In the 400-year history of campuses in the United States, nothing has had quite the impact that the pandemic has had. Once the recovery has occurred, there will be major changes on campuses to improve campus life and protect people from a future pandemic. Take a look at some of the things that will change campus security.

  1. Campus Space Design

In the past, campuses had spaces for large groups of students to gather. However, this has changed, and students are looking for different spaces for working, learning, and socializing. Campuses are creating designs to accommodate small groups and one-on-one interactions. In addition to providing extra safety precautions for the future, these types of spaces encourage more meaningful interactions. 

  1. Advances in Security Technology

As technology has advanced, security technology has also advanced to make sure that campuses are safer. Technology can improve the user experience by making sure that current security objectives are met. As it stands, campuses were already including frictionless access to many locations. They used touchless access control, which many users prefer. After the pandemic, many campuses are able to immediately make changes to continue contactless access and more to mitigate the threat of disease. 
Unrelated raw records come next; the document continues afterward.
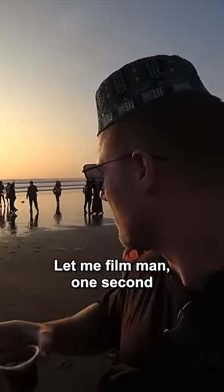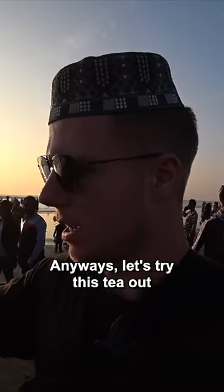Let me film, man — one second, one minute please. Annoying guy. Anyways, let's try this tea out.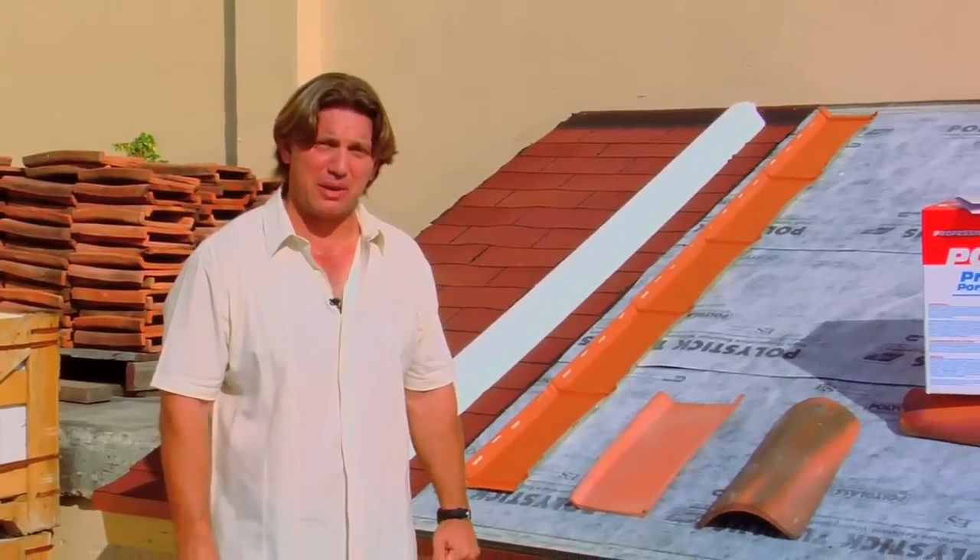Hello, my name is Danny Urguez and I'm here today with Artesanos Inc. We're going to show you installation using the universal hybrid pan tile system.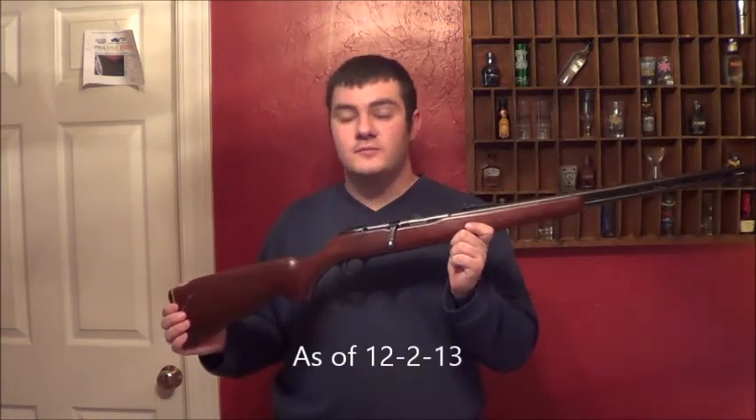If you like the video, like, share, subscribe. Wait for more videos on this gun and other guns. I'm close to 100 subscribers so it'd be cool to make that by the end of the year. This is Fatty with Firearm — thanks for watching.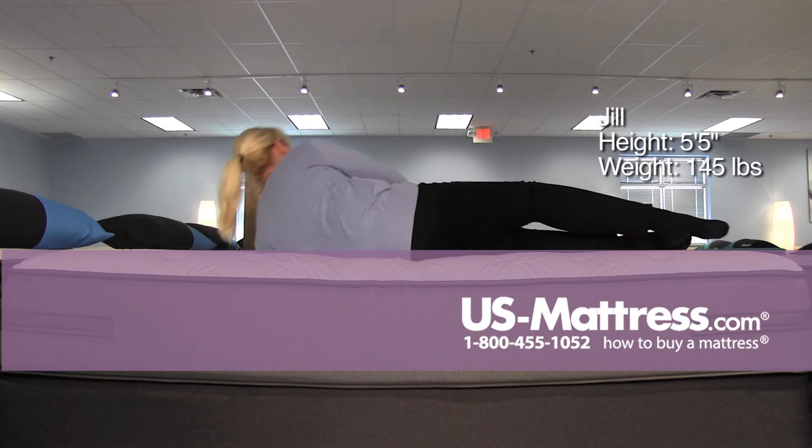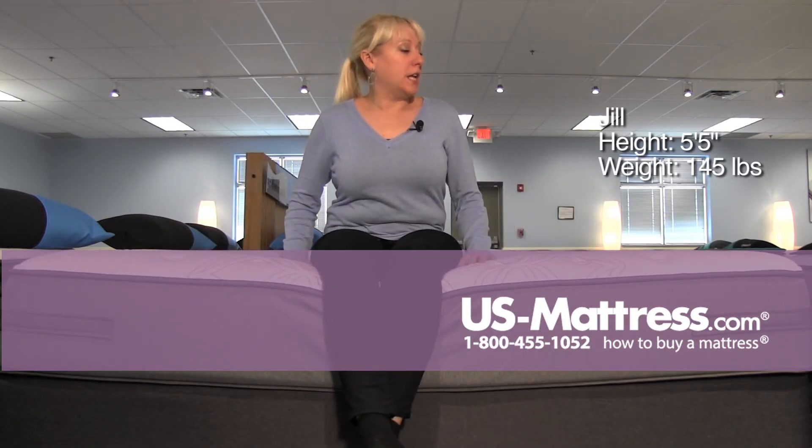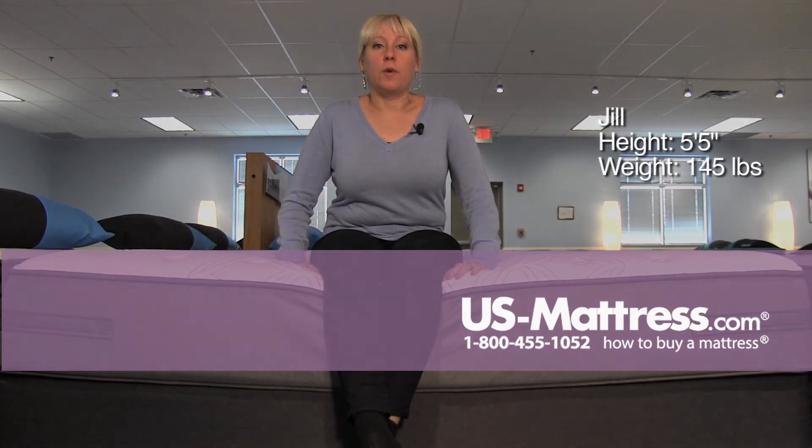So depending on your body type, you may want to go a little bit softer on this if you're a side sleeper, but a stomach sleeper or a back sleeper would do really well with this.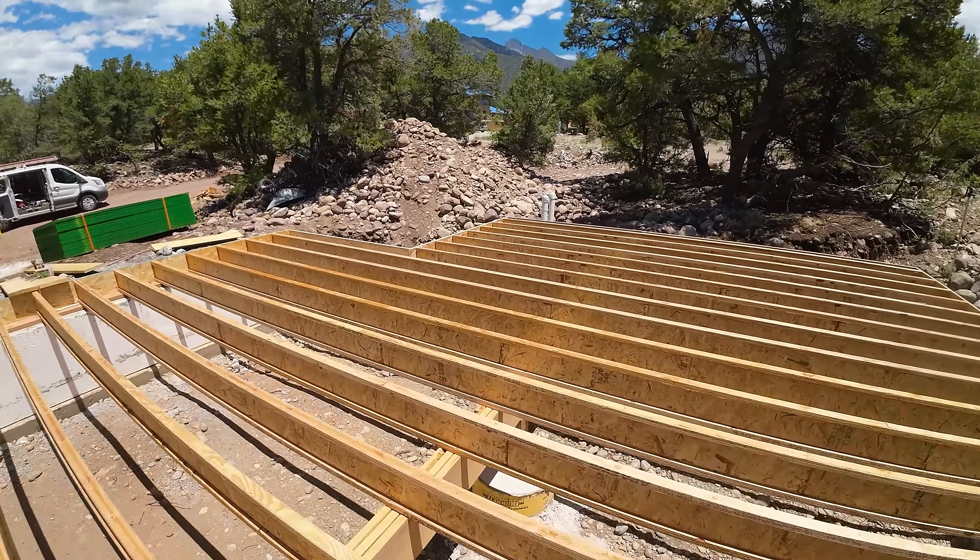Alright everyone, the subfloor is done — showed you that whole process. I think that's going to do it for this video. Everything is complete. Next thing is to come back and do the backfilling, and then I have materials for the walls and the roof coming — that'll be for another video. Looking forward to that. Thank you guys so much for watching. If you like these kinds of videos be sure to subscribe, because we're building this house start to finish and I'll show you everything. Thanks, and I'll see you next weekend.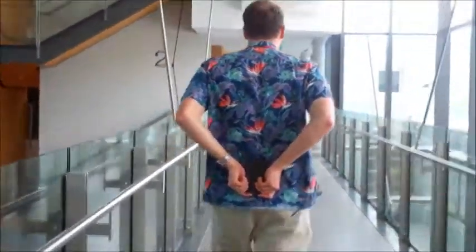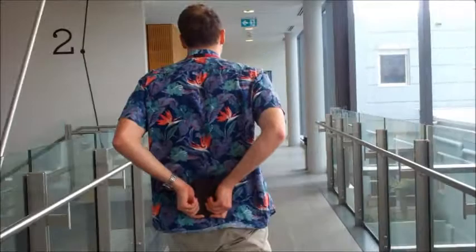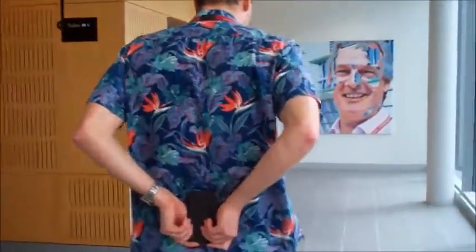As I go, I'm going to count the steps: 1, 2, 3, 4, 5, 6, 7, 8, 9, 10, 11, 12, 13, 14, 15, 16, 17, 18, 19, 20.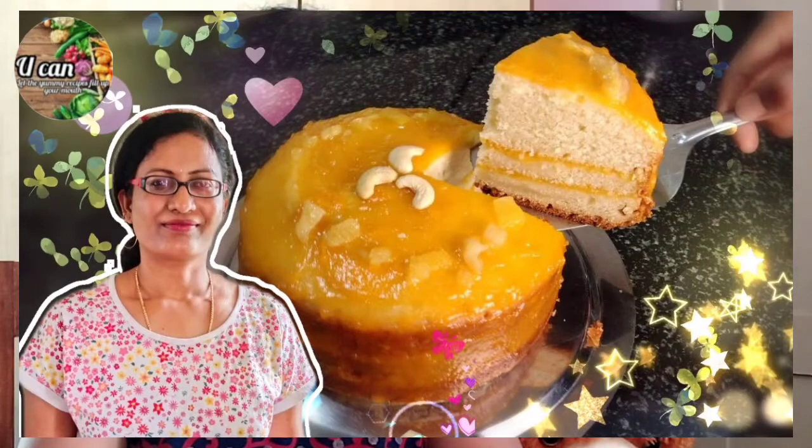Hello, welcome to U.K. Channel. I am now making a recipe for this recipe.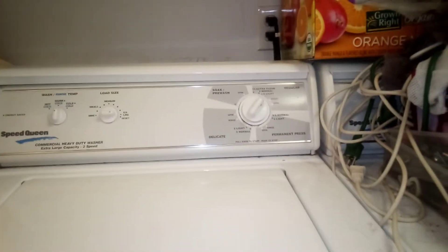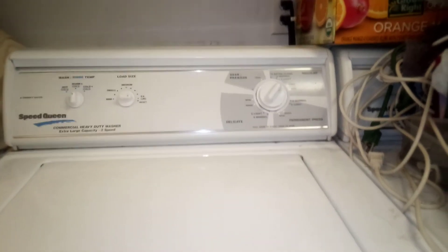I think it's belt driven — it's not direct drive. It's not out of balance; it's never out of balance. It only happened once but never again. This is the first spin cycle.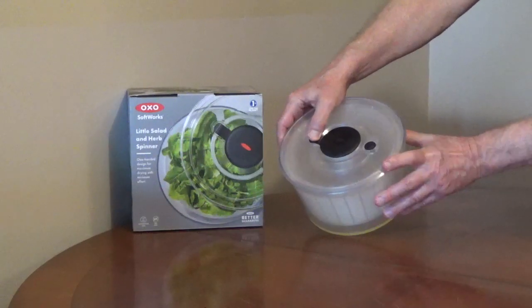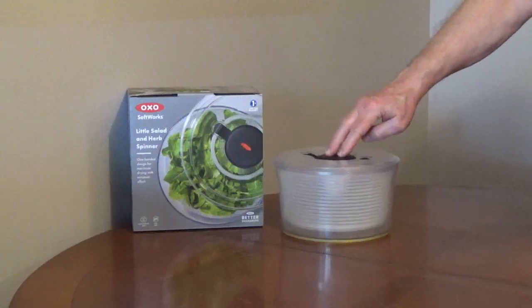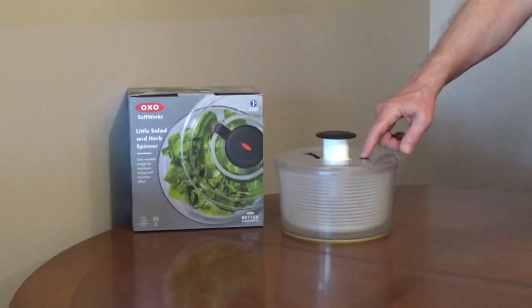Slide the latch to release the pump knob. Pushing down on the knob spins the inner basket. It has a button to stop the basket.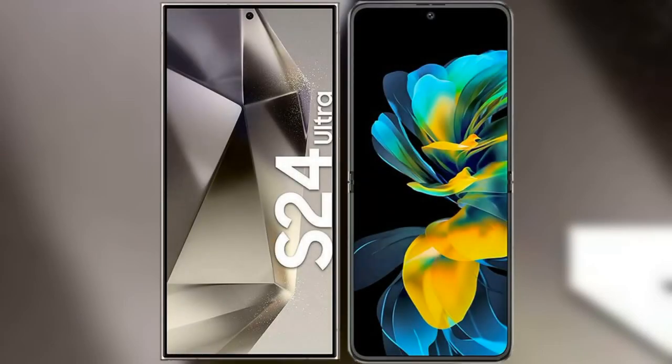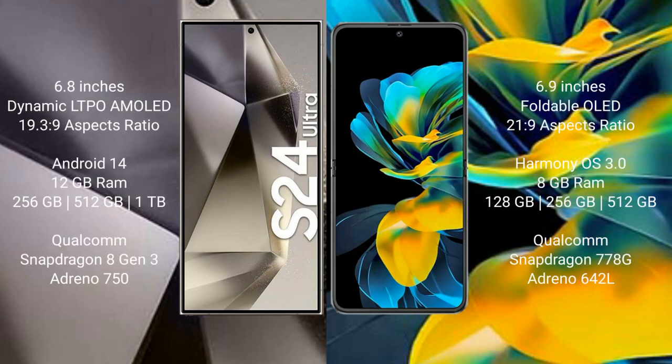I will compare the new Samsung Galaxy S24 Ultra with the Huawei Pocket S. The Samsung Galaxy S24 Ultra comes with a 6.8-inch Dynamic LTPO AMOLED display with an aspect ratio of 19:9. The Huawei Pocket S has a 6.9-inch foldable OLED display with an aspect ratio of 21:9.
  1. Preparation After the Chaos of COVID-19

When COVID-19 began, little information was available, and people had no idea of what was to come. In March, everything shut down, and technology was implemented to keep much of the world functional. Governments, campuses, and workplaces all made changes, and many of them have become a part of daily life. 

Telecommuting has been added to many places, and it is possible to attend meetings, classes, and more remotely. IT departments have made it possible to have security when working remotely, and people understand how to use their equipment at home. 

There were already changes in the works, and COVID-19 accelerated their implementation. There are changes that people have come to accept, such as temperature screenings in the workplace, contact tracing, and reducing touchpoints in the office. Another tool is the elevated skin temperature camera, which can detect when people have a fever.